Lewis: Every employee receiving real-time notifications is huge because life changes dramatically in rental companies with equipment coming and going and customers doing different things. The cost of education is inexpensive compared to the cost of ignorance. Often, field personnel salespeople don't have the facts in front of them. If every employee is singing from exactly one sheet of music, the knowledge level goes way up as does efficiency. Running multiple siloed systems results in that information being all over the place and makes everything far less efficient because you don't know what to believe. Consolidating your tech stack into one version of the truth will improve efficiency overall. Finally, one of the most valuable commodities is data, so if you can collect all of that data without slowing down the day-to-day process, you’ll be hyperefficient.

Rental: Are there any challenges or learning curves associated with onboarding a new software? 
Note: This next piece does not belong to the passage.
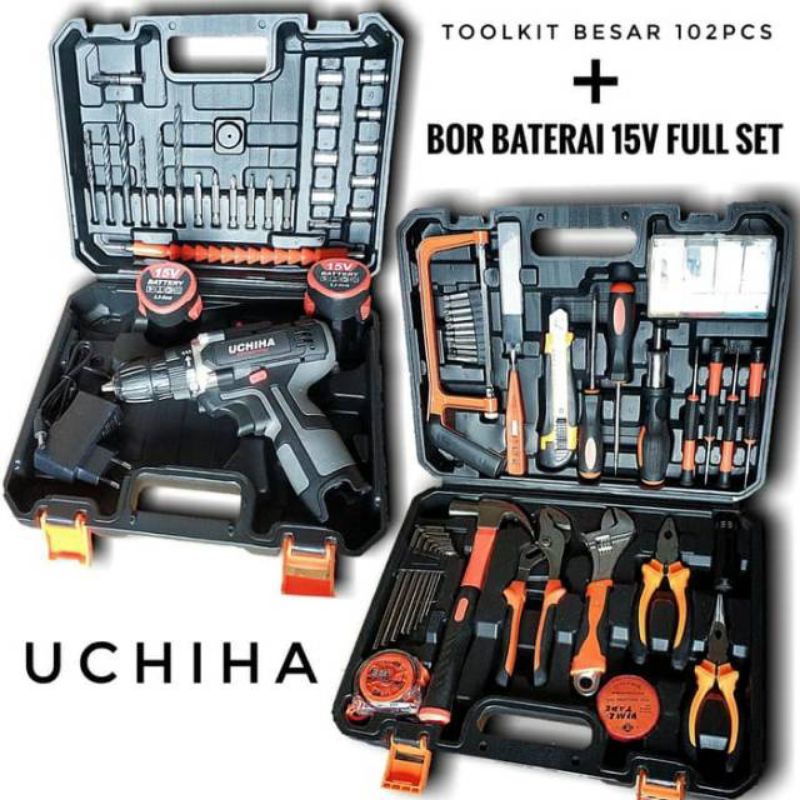 tool kit 102pcs full set palu tang kunci L obeng gergaji asli uchiha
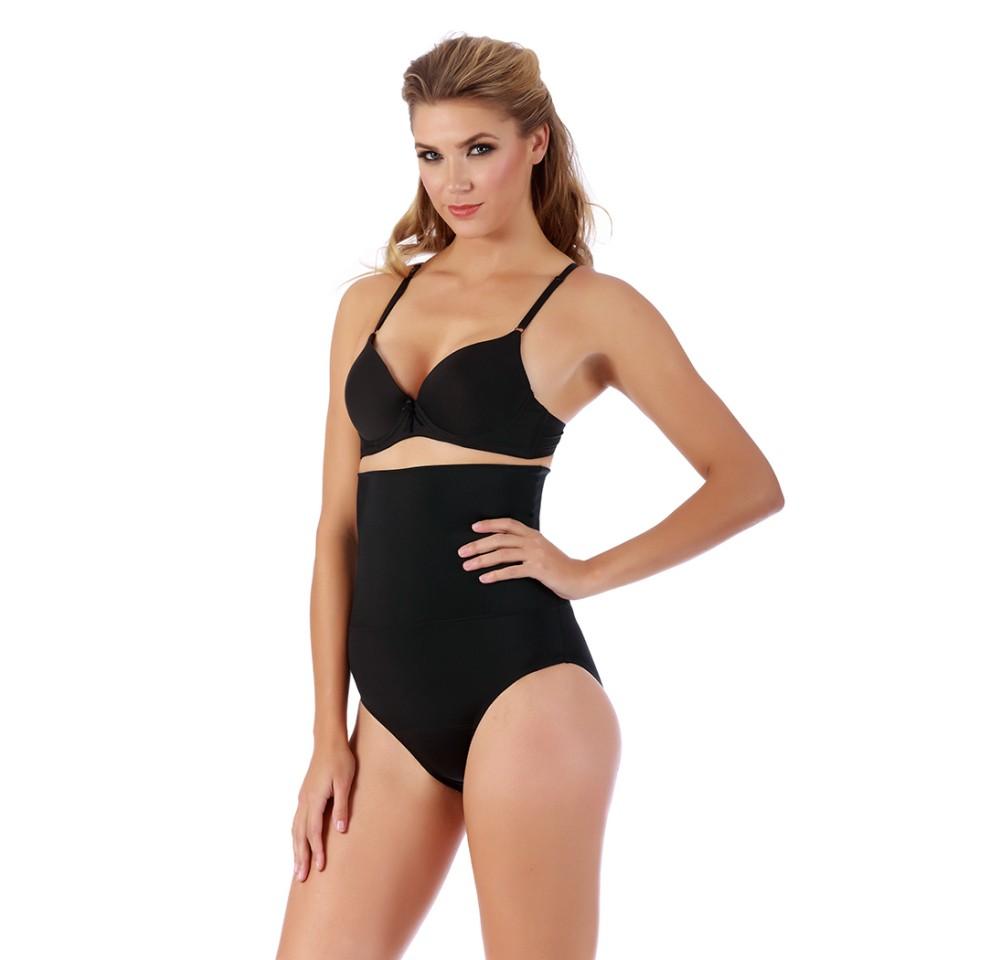 InstantFigure Hi-Waist Double Control Slimming Panty WPY020 in black, showcasing its high-waisted design and soft fabric.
Clark: When a business replaces their current platform, there's always a pain during the transition. From data transfer to process change to employee training/adoption, the learning curve can be less than pleasant. However, the long-term benefits far outweigh the short-term pains, which is why it is so important to choose the right software platform the first time, rather than opting for a cheaper solution that will only serve as a Band-Aid for issues in the short term. Rental companies should look for a software company that aligns not only with their goals today but also with their goals for years ahead. Companies should also find a software partner that offers an in-house team of experts with long-term experience in navigating the complexities of these types of implementations.
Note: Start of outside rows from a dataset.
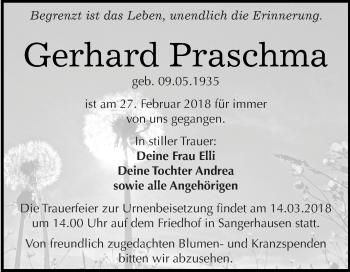 Traueranzeige von Gerhard Praschma von WVG - Wochenspiegel Halle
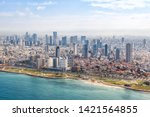 Tel Aviv skyline beach aerial view photo Israel city Mediterranean sea skyscrapers photography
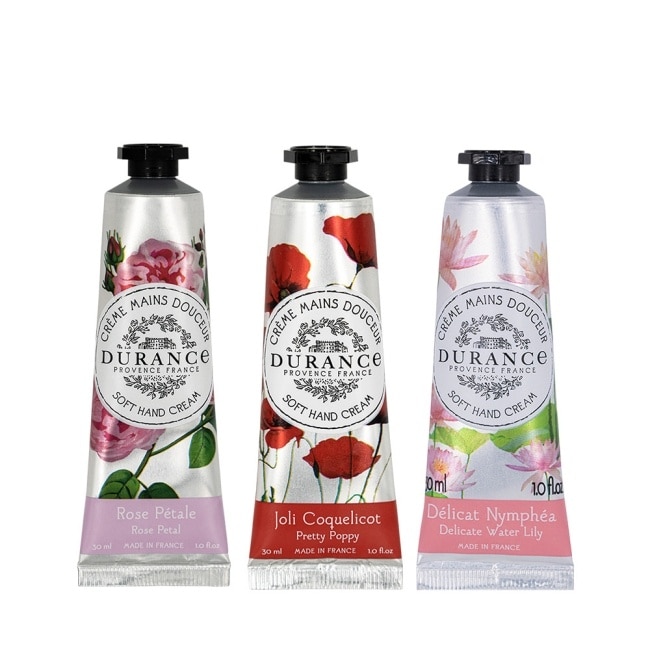 DURANCE朵昂思 花漾護手霜(30ml)X3-睡蓮+罌粟花+玫瑰-專櫃公司貨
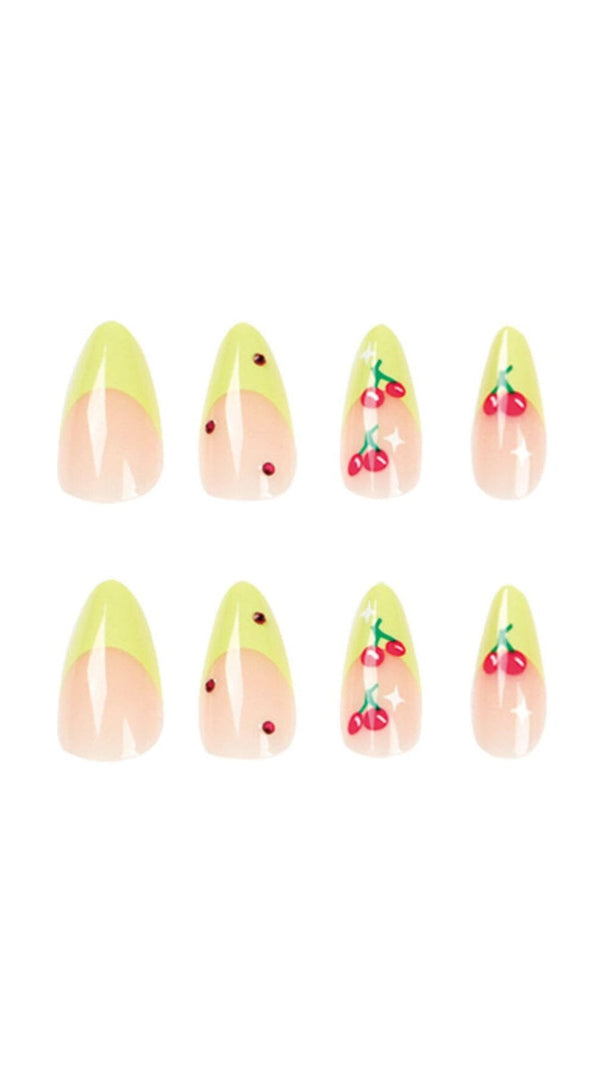 AIIZIE CHERRY FRENCH GREEN EDGE PRESS ON NAILS - product image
Crosslin: The biggest learning curve is simply vocabulary. Most rental software does the same basic things: You just need to learn what the new software package calls it and how to do it. It’s helpful if you are prepared to explain why you have a particular business process. The biggest challenges to onboarding (in my experience) would be: getting buy-in from key staff and underestimating the value of testing the converted data (a little extra testing upfront prevents a lot of stress during the go-live). Understand that training is not “one-size fits all” as each person learns differently, so expect some people to want in-person training, others prefer to learn by self-paced videos and still others need to read the steps and reinforce the practice.

Lewis: The No. 1 challenge is when people are missing data in current systems and try to get current data rationalized into one application. People struggle to find stuff, but in the end, the benefits are amazing. Another major factor in today's world is the age of employees and their adaptability to current technologies. Some people are used to pen and paper and a clipboard, so we always have to do kind of a human aspect of technology adoption. Another is an emotional attachment to the old system. You want to make sure everyone is on board.